▶ What you are asked to do: Using the records below, transcribe word for word the stretch from the line that contains "Silicon Power SP18WASYQM10L0CW" through the line that contains "1735094606872022.png 圖片1(副本).png", both end lines included, and nothing else.

---------------

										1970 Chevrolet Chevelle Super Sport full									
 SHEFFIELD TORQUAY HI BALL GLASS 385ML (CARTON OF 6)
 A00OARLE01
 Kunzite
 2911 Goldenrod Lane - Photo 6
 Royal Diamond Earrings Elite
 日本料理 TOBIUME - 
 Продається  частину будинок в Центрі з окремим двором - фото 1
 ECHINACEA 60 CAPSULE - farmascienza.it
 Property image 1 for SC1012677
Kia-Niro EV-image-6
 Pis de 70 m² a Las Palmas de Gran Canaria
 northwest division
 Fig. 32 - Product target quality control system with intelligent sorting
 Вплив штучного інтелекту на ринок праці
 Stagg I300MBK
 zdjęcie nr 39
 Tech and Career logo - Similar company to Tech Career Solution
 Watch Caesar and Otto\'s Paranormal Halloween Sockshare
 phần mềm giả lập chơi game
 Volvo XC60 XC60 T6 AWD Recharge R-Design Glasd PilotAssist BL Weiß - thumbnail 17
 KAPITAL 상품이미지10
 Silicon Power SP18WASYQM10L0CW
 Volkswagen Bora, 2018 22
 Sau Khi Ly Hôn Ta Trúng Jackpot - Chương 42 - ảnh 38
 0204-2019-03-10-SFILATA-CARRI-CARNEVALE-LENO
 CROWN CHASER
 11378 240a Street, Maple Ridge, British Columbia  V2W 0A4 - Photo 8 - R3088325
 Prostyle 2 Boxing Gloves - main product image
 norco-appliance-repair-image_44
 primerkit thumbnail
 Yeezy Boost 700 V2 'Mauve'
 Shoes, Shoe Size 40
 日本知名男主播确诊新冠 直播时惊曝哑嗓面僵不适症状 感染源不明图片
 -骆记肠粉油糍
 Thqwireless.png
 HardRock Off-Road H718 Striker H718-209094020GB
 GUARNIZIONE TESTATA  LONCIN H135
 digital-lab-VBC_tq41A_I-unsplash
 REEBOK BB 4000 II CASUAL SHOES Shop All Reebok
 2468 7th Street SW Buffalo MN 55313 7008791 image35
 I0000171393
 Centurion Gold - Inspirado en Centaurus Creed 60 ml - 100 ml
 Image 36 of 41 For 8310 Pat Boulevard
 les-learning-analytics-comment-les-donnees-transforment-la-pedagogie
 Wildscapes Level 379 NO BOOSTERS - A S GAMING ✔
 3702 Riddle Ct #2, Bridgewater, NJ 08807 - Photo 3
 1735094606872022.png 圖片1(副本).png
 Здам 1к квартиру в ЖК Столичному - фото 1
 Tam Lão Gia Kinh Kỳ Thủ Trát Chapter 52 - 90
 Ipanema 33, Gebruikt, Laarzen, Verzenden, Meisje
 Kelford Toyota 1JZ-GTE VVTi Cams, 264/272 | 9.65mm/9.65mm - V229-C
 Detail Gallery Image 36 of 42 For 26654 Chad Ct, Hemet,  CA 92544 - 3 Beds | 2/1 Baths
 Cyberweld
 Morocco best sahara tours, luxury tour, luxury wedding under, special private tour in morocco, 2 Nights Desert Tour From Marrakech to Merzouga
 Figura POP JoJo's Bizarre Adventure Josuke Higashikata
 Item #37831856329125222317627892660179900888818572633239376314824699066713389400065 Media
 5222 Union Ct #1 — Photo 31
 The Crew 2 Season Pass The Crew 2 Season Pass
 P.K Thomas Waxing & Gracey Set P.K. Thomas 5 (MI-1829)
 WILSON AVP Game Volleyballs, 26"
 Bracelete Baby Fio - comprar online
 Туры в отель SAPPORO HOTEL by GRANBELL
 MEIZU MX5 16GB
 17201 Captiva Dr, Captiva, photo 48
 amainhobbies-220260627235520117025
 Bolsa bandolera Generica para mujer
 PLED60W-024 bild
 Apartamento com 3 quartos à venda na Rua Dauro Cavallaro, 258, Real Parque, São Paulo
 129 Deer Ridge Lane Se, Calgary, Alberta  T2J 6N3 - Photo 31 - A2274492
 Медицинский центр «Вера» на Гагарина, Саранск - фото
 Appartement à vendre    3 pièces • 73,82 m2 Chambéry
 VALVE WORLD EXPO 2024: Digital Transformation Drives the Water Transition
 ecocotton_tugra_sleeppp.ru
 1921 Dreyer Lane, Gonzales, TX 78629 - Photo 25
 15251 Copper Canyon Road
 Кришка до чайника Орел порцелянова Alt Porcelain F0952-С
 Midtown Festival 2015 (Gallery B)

---------------

▶ Written solution:
 Silicon Power SP18WASYQM10L0CW
 Volkswagen Bora, 2018 22
 Sau Khi Ly Hôn Ta Trúng Jackpot - Chương 42 - ảnh 38
 0204-2019-03-10-SFILATA-CARRI-CARNEVALE-LENO
 CROWN CHASER
 11378 240a Street, Maple Ridge, British Columbia  V2W 0A4 - Photo 8 - R3088325
 Prostyle 2 Boxing Gloves - main product image
 norco-appliance-repair-image_44
 primerkit thumbnail
 Yeezy Boost 700 V2 'Mauve'
 Shoes, Shoe Size 40
 日本知名男主播确诊新冠 直播时惊曝哑嗓面僵不适症状 感染源不明图片
 -骆记肠粉油糍
 Thqwireless.png
 HardRock Off-Road H718 Striker H718-209094020GB
 GUARNIZIONE TESTATA  LONCIN H135
 digital-lab-VBC_tq41A_I-unsplash
 REEBOK BB 4000 II CASUAL SHOES Shop All Reebok
 2468 7th Street SW Buffalo MN 55313 7008791 image35
 I0000171393
 Centurion Gold - Inspirado en Centaurus Creed 60 ml - 100 ml
 Image 36 of 41 For 8310 Pat Boulevard
 les-learning-analytics-comment-les-donnees-transforment-la-pedagogie
 Wildscapes Level 379 NO BOOSTERS - A S GAMING ✔
 3702 Riddle Ct #2, Bridgewater, NJ 08807 - Photo 3
 1735094606872022.png 圖片1(副本).png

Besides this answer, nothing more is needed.